Not quite on purpose we ended up in Morlaix and figured we might as well stop for a coffee so that was nice too. We ended up in a café next door to the crêperie I had been to in October with my dad and Monique. Kind of a shame knowing family was so close. I felt bad not visiting but they were busy so I knew I couldn’t intrude. Up next we headed to Brest, not so much for the city, which we had heard from everyone was ugly (it was) but so that PY could say he had been there (he is a big Tin Tin fan and one of the books takes place there, go figure). Once reaching the city limits, however, we realized just how ugly the city was and didn’t even stop. We headed right on through to the Parc Régional d’Amorique, which was supposed to be spectacular. We went to the Crozon peninsula, which is just South of Breast planning on making our way along the coast. We arrived in the village of Landévennec in the pouring rain. The town was tiny and the coast lines compared to Cap Fréhl were underwhelming. We found an abandoned hotel, which I found creepy. It was eerie this little town. And it didn’t help that I could hear the horror movie trailer rolling in my head… “a young couple on a trip to the coast. They thought they had founding a charming town but they had no idea what lay in wait in the old town hotel….” Anyway I got over it and we found a small crêperie playing Crosby Stills and Nash to split an apple crêpe and take shelter from the rain. As night fell we found our way to Le Conquet, a small fishing village on the Western tip of Britanny (next to Brest).

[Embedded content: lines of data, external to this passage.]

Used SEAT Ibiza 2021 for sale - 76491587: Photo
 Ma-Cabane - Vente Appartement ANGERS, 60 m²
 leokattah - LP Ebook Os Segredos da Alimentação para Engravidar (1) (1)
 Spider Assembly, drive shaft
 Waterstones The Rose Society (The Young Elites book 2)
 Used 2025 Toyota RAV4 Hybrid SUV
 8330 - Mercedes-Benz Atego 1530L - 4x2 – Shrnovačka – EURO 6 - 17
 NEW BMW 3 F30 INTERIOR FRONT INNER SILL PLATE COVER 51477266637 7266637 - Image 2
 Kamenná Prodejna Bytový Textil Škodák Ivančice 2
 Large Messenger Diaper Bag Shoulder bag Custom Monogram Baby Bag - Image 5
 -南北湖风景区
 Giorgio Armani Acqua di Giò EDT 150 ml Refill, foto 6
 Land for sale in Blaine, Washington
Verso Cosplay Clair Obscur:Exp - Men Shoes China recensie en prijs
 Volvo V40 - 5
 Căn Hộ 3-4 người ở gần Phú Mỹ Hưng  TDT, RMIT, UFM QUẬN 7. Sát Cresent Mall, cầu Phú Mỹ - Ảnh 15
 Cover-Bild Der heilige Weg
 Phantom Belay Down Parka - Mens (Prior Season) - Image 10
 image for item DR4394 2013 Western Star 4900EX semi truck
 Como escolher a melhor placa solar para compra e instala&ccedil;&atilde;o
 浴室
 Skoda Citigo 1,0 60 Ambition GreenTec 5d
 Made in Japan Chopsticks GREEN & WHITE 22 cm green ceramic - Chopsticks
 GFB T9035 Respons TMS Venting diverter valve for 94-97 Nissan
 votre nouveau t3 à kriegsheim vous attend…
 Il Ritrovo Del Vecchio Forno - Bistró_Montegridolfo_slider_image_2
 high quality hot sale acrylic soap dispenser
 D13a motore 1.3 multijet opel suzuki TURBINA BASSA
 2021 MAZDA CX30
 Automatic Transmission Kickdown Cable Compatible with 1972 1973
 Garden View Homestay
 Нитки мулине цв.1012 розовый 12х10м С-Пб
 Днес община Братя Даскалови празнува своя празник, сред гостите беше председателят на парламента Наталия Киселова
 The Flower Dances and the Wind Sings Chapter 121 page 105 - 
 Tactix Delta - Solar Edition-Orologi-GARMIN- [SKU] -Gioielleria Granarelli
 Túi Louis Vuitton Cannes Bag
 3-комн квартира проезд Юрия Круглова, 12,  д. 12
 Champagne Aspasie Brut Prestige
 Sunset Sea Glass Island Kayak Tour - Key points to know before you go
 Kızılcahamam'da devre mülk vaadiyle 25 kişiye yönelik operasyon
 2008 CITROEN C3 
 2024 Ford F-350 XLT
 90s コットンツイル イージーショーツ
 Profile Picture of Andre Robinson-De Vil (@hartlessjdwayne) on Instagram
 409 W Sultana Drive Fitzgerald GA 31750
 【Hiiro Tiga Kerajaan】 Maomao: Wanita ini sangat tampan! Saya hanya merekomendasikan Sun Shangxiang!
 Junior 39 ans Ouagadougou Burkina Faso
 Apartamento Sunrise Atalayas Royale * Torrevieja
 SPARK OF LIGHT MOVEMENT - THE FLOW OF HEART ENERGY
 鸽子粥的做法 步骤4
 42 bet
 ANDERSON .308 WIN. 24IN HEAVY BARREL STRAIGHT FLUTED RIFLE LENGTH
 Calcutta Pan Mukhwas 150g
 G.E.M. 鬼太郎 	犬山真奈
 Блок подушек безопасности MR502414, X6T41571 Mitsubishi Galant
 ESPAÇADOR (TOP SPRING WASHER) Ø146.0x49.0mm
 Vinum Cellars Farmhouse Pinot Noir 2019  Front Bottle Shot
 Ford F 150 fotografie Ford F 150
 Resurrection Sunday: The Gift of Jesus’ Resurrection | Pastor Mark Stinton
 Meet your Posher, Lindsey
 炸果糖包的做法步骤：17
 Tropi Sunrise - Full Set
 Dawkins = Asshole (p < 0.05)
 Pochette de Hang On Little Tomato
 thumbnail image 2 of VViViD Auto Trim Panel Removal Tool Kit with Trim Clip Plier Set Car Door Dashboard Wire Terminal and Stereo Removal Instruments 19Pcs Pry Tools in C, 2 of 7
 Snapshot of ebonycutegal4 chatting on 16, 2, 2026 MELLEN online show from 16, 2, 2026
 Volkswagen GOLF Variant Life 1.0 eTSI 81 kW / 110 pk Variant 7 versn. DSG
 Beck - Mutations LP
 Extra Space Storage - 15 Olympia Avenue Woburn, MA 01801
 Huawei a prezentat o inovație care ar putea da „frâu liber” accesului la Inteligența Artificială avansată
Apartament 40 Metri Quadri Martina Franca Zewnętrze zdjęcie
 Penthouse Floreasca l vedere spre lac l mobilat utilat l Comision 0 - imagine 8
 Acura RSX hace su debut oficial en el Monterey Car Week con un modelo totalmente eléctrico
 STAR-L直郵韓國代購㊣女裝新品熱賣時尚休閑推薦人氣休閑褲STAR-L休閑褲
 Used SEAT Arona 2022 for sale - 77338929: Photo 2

The wind was hailing and our clothes we soaked as we lugged our suitcases into the adorable “Hôtel au Bout du Monde” (Hotel at the End of the World). We found an equally cute restaurant where we had galettes for our last dinner. The next morning we stopped at the friendly farmers market to pick up some cider and poulet rôti for our picnic lunch and began our journey back to Paris. And a journey it was, it took us eight hours. It should have taken six but the traffic getting back into the city was horrific.
All in all it was a great trip. Not at all like any of the trips I took with my friends this year. I felt like it was a real grown up trip, eating in restaurants and seeing natural beauty and small villages. We got to know Pet Sounds really really really well and we survived Parisian traffic (and Parisians). We discovered that Bretons are much nicer than Parisians and that we like each other enough to spend eight hours in a car together!
Merde. It has started to rain. My idea to come work in a café seems less charming with the prospect now of walking home. Wish me luck!